CREATE PROCEDURE SP_CLARIFY_PER_REVIEWER
@START VARCHAR (8),
@END VARCHAR (8),
@REVIEWER VARCHAR (30)
AS
SELECT
FDIS_CLAIM.CLAIMSET_ID,
FDIS_CLAIM.CLAIM_ID,
FDIS_CLAIMSET.EXAMINER_ID
FDIS_CLAIMSET_LOG.LOG_MESSAGE
FROM
FDIS_CLAIM,
FDIS_CLAIMSET,
FDIS_CLAIMSET_LOG
WHERE
FDIS_CLAIM.CLAIMSET_ID >=@START
AND FDIS_CLAIM.CLAIMSET_ID <=@END
AND FDIS_CLAIM.CLAIMSET_ID=FDIS_CLAIMSET_LOG.CLAIMSET_ID
AND FDIS_CLAIM.CLAIMSET_ID=FDIS_CLAIMSET.CLAIMSET_ID
AND PATINDEX('%'+@REVIEWER+'%',FDIS_CLAIMSET.EXAMINER_ID) > 0
GO
Thanks For your continued Help.
Thanks For your continued Help.
March 21, 2003 at 11:32 am
Check the estimated execution plan and see if you need new indexes.
March 22, 2003 at 1:48 am
The reason this query is taking a long time to execute is probably not the fact that you join three tables, it's the last where clause:
PATINDEX('%'+@REVIEWER+'%',FDIS_CLAIMSET.EXAMINER_ID) > 0
No matter what indexes you have this forces a table scan of the FDIS_CLAIMSET table, and if that table is large it will take time. Why do you need to do this? You are running it on a column named EXAMINER_ID, does this mean that this column contains several examiner_ids in a multi-value fashion?
--
Chris Hedgate @ Apptus Technologies (http://www.apptus.se)
March 24, 2003 at 1:28 am
Chris, wouldn't a clustered index on 'FDIS_CLAIMSET.CLAIMSET_ID' column (depending on the selectivity) would contribute hugely even if he uses a function?

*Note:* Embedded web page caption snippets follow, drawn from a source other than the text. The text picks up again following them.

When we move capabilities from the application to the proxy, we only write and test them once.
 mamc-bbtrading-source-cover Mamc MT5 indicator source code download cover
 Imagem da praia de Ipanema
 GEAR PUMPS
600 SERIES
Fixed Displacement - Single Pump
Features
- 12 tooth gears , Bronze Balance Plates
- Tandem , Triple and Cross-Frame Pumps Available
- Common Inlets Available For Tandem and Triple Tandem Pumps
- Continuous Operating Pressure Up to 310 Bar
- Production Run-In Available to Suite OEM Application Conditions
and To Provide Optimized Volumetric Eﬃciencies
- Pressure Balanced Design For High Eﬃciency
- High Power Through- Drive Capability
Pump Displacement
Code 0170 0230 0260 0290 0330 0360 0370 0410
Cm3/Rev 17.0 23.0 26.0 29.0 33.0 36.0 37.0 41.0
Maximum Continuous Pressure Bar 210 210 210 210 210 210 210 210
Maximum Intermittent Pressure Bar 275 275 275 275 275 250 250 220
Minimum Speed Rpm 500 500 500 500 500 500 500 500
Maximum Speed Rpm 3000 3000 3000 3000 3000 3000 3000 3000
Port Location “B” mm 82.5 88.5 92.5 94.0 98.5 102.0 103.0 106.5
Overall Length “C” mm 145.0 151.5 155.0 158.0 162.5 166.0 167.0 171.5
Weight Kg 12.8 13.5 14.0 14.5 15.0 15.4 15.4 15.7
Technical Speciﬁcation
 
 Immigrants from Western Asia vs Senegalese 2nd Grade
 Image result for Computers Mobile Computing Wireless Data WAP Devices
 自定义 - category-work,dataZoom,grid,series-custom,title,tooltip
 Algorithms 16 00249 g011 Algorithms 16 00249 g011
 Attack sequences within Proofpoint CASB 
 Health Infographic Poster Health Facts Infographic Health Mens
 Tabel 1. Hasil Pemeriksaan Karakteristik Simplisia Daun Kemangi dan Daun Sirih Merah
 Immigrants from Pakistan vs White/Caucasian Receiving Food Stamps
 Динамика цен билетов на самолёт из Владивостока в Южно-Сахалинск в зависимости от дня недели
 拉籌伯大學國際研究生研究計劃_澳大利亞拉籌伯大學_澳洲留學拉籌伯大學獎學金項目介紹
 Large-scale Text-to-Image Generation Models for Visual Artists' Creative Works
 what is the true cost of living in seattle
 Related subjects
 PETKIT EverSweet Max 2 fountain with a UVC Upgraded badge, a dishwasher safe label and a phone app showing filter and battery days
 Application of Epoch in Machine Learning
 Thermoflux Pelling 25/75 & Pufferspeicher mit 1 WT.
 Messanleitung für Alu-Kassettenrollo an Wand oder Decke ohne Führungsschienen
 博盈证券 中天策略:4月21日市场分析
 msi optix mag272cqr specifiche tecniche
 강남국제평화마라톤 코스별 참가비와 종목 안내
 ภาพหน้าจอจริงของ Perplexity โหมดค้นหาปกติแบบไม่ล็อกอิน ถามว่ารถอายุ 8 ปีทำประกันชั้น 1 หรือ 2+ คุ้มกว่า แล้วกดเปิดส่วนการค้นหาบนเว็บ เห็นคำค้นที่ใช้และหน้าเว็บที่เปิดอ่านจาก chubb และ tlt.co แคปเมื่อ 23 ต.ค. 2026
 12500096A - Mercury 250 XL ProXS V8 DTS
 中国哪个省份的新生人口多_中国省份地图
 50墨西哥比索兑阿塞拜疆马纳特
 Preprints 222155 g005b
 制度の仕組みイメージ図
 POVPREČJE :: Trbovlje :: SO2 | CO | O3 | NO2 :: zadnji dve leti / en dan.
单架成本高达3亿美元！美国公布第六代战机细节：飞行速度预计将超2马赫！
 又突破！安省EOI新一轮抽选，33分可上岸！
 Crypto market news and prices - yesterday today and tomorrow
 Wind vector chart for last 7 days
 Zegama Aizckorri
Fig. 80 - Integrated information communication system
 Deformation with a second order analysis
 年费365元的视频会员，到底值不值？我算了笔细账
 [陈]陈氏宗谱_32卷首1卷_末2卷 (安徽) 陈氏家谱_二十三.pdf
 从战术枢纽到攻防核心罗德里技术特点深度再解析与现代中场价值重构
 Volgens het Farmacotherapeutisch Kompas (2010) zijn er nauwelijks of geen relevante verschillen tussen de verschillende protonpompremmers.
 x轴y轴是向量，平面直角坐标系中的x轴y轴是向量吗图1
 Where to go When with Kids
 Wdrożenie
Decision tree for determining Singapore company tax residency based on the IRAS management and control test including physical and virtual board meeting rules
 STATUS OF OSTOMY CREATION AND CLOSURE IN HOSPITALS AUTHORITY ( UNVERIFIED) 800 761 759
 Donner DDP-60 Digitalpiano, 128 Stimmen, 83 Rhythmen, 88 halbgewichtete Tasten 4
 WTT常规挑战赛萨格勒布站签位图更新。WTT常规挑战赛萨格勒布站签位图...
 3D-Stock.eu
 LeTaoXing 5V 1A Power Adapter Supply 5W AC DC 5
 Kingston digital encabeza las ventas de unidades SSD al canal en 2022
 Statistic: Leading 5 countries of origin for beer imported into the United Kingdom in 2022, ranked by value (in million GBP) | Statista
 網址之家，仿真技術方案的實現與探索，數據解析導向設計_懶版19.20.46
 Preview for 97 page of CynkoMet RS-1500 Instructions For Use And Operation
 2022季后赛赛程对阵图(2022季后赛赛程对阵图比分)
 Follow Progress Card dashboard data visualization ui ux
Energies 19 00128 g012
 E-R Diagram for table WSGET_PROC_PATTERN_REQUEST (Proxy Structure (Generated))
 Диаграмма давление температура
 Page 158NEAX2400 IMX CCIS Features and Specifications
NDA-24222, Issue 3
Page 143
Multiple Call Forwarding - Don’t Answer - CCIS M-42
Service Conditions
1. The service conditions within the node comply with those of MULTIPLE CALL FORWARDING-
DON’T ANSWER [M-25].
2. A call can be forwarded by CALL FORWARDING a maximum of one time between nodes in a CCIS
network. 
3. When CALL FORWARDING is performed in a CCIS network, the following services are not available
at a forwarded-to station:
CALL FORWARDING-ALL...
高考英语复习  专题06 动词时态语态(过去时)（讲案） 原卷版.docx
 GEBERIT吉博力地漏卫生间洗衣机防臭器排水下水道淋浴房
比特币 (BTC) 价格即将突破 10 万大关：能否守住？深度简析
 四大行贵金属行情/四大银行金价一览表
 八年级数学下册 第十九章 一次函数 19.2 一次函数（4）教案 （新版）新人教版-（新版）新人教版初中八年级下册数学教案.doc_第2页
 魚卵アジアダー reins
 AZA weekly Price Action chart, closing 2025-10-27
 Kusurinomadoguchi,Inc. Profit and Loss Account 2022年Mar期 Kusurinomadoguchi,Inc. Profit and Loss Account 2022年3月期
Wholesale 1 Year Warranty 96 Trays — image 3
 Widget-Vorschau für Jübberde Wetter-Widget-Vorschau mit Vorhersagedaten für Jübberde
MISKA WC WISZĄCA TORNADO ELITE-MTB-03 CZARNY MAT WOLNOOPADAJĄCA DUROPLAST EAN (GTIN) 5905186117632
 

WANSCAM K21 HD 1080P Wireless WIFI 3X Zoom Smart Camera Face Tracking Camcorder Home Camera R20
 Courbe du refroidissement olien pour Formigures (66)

A clustered index on 'FDIS_CLAIM.CLAIMSET_ID' would probably not be so bad either.
kreskins: How are the statistics? And where are the bottlenecks (i.e where would you gain most in optimizing your query)?
March 24, 2003 at 1:43 am
Yes, they could very well help, but it would still not solve the problem of searching for a string inside a lagrger string. The problem is not running a function as such (although it is not a SARG and therefore not really efficient). The problem is the usage of '%'+@variable+'%'. This means that SQL Server must go through every row and check if the string in the variable exists somewhere in the probably much larger column. No index can help it, since it can exist anywhere in the string.
--
Chris Hedgate @ Apptus Technologies (http://www.apptus.se)
March 24, 2003 at 1:53 am
But with HIGH selectivity of the clustered index, you would narrow down that problem hugely. Since we don't know the uniqueness of the 'FDIS_CLAIMSET.CLAIMSET_ID' column, it could very well become just a scan of one or two rows... Chris, you're right, no index could actually be used on those but maybe that will not be the bottleneck.
March 24, 2003 at 3:04 am
Ah, of course, yes you're right. I'll be quiet now so that kreskins can sjow us the statistics.